One always hopes that Empiricism and Theory will match up. Otherwise, what's the point? We've currently got a lot of economists and politicians who are saying we must be austere. Well, as Paul Krugman points out, what's the evidence for that?

    Economists Who Did Their Homework (800 Years of It) - NYTimes.com: "Like a pair of financial sleuths, Ms. Reinhart and her collaborator from Harvard, Kenneth S. Rogoff, have spent years investigating wreckage scattered across documents from nearly a millennium of economic crises and collapses. They have wandered the basements of rare-book libraries, riffled through monks’ yellowed journals and begged central banks worldwide for centuries-old debt records. And they have manually entered their findings, digit by digit, into one of the biggest spreadsheets you’ve ever seen.

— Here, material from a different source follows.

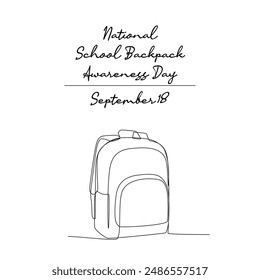 line art of National School Backpack Awareness Day good for National School Backpack Awareness Day celebrate. line art.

    Their handiwork is contained in their recent best seller, “This Time Is Different,” a quantitative reconstruction of hundreds of historical episodes in which perfectly smart people made perfectly disastrous decisions. It is a panoramic opus, both geographically and temporally, covering crises from 66 countries over the last 800 years."



History runs in cycles, as much as we want to deny it. Want to learn those cycles, then look at a real data set, not just 30-50 years.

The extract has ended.